Die SVP möchte verhindern, dass die Schweiz durch Zuwanderung die 10-Millionen-Marke knackt – der Umwelt zuliebe, natürlich.
Die spürbaren Folgen des Klimawandels und ansteigende Energiepreise befeuern die Debatte um die Schweizer Klimapolitik. Die Parteien zwischen den politischen Polen haben zu dieser Debatte wenig beizutragen: Entweder versucht man sich wie die Partei Die Mitte als Hüter des demokratischen Kompromisses aufzuspielen, wobei man inhaltlich mit Parolen wie »Wir wollen eine Klimapolitik, die auf Respekt und Innovation basiert« in kompletter Formlosigkeit aufgeht. Oder man bewegt sich weg von der Mitte, so wie die Freisinnige Demokratische Partei (FDP), die ihre Klimapolitik Schritt für Schritt derjenigen der rechten Schweizerischen Volkspartei (SVP) angleicht.

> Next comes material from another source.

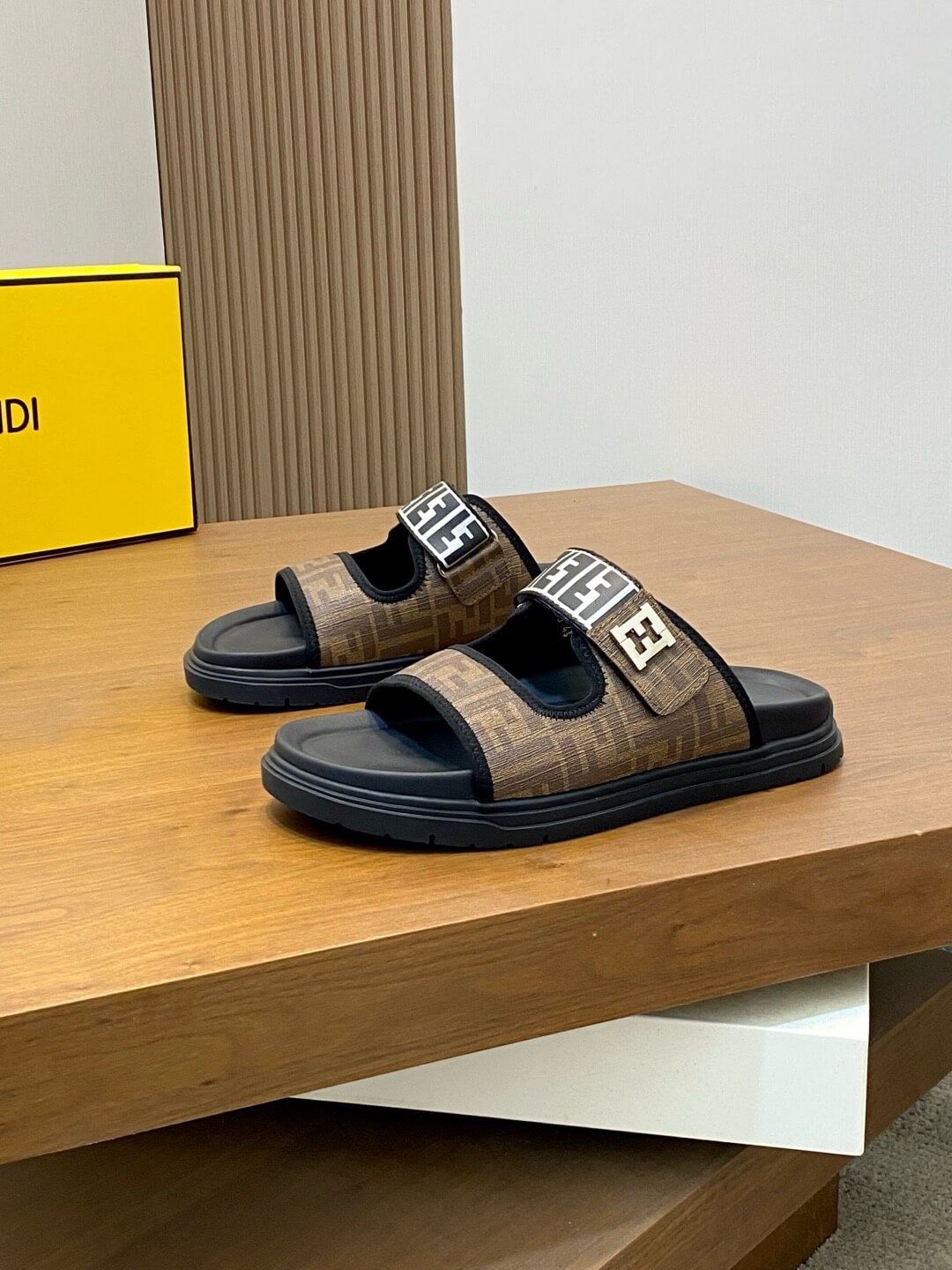 Chaussons métalliques Double F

Von den beiden Polen hingegen wurden im vergangenen Wahlkampf Initiativen vorgelegt, die auf ihre jeweils eigene Art ihr erklärtes Ziel, der Zerstörung der natürlichen Umwelt Einhalt zu gebieten, verfehlen. Ein Bündnis aus Sozialdemokratie (SP) und Grünen schlägt einen wenig originellen Green New Deal vor und die SVP verbindet in gewohnt rechtspopulistischer Weise die Klimakrise mit der Forderung nach einer härteren Migrationspolitik.

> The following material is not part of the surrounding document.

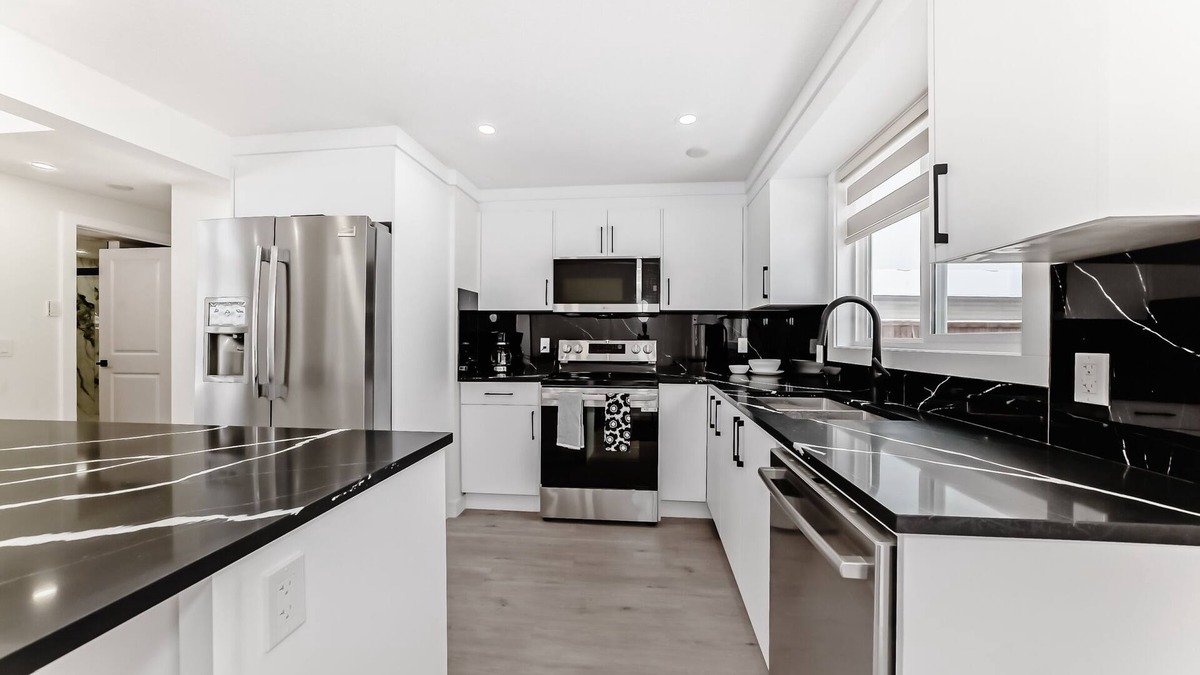 Calgary House | Spacious & Cozy Home w/Modern Amenities in a Quiet Neighbourhood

»Überbevölkerung ist für die SVP keine blosse Frage der Quantität – die ›Qualität‹ des Bevölkerungswachstums ist entscheidend.«
Im Juli dieses Jahres hat die SVP mit der Unterschriftensammlung für ihre »Nachhaltigkeitsinitiative« begonnen – also rechtzeitig, um das Thema zu setzen, das den diesjährigen Wahlkampf dominieren sollte. Weil uns »infolge der unkontrollierten Einwanderung in unser Land« demnächst eine 10-Millionen-Schweiz drohe und die »regelrechte Bevölkerungsexplosion« unsere Infrastrukturen überfordere, unsere Natur zerstöre und die Mieten in die Höhe treibe, lanciert die SVP eine »Nachhaltigkeitsinitiative«.

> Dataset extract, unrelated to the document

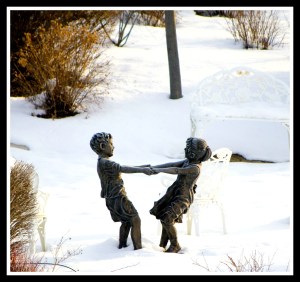 children statue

Die SVP verlangt, dass eine Bevölkerungs-Obergrenze in der Schweizer Bundesverfassung festgeschrieben wird: Die »ständige Wohnbevölkerung der Schweiz darf zehn Millionen Menschen vor dem Jahr 2050 nicht überschreiten«. In diesem Sinne sollen Bund und Kantone »Massnahmen für eine nachhaltige Bevölkerungsentwicklung, insbesondere zum Schutz der Umwelt und im Interesse der dauerhaften Erhaltung der natürlichen Lebensgrundlagen, der Leistungsfähigkeit der Infrastrukturen, der Gesundheitsversorgung und der schweizerischen Sozialversicherungen« treffen.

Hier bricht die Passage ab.